Partition count strategy in Kafka - Time & Space Complexity
When working with Kafka, the number of partitions affects how messages are handled.
We want to understand how increasing partitions changes the work Kafka does.
Analyze the time complexity of assigning messages to partitions.
// Simple partition assignment based on key hash
int getPartition(String key, int partitionCount) {
int hash = key.hashCode();
int partition = Math.abs(hash) % partitionCount;
return partition;
}
This code decides which partition a message goes to by using the key's hash and the total partitions.
Look at what repeats when many messages are sent.

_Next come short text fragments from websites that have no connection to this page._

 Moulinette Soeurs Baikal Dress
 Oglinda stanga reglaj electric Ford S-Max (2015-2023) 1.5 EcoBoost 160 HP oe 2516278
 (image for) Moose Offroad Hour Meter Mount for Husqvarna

- Primary operation: Calculating the hash and modulo for each message.
- How many times: Once per message sent to Kafka.
As the number of messages grows, the work grows linearly.

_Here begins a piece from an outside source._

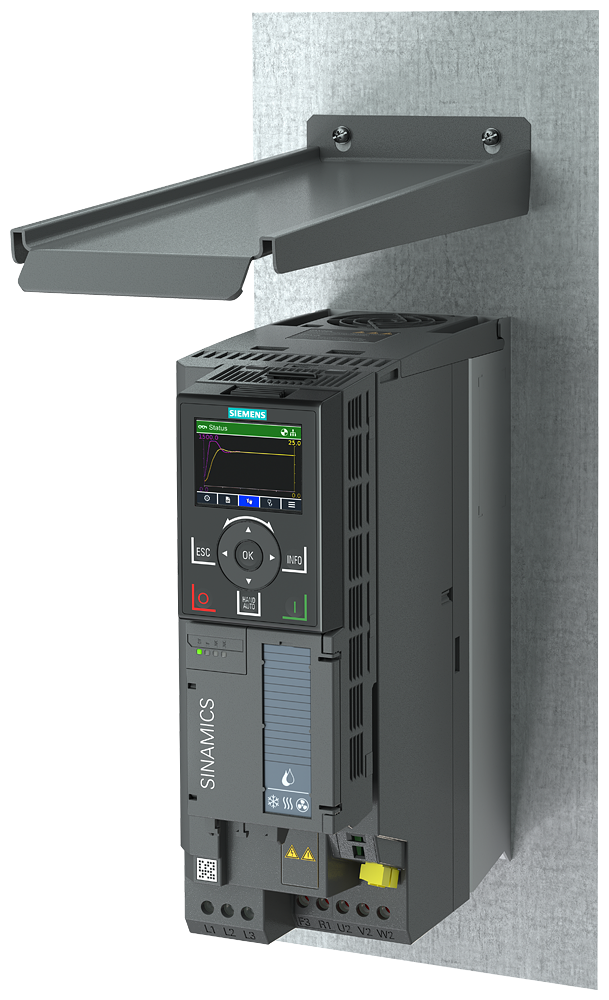 6SL3266-1PB00-0BA0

| Input Size (n messages) | Approx. Operations |
|---|---|
| 10 | 10 hash and modulo calculations |
| 100 | 100 hash and modulo calculations |
| 1000 | 1000 hash and modulo calculations |
Pattern observation: Doubling messages doubles the work, since each message is handled once.
Time Complexity: O(n)
This means the time to assign partitions grows directly with the number of messages.
[X] Wrong: "More partitions means each message takes longer to assign."
[OK] Correct: The partition count only affects the modulo step, which is very fast and constant time. The main cost depends on how many messages you process, not how many partitions exist.
Understanding how partition count affects processing helps you explain Kafka's scalability clearly and confidently.
What if we changed the partition assignment to use a more complex hashing algorithm? How would the time complexity change?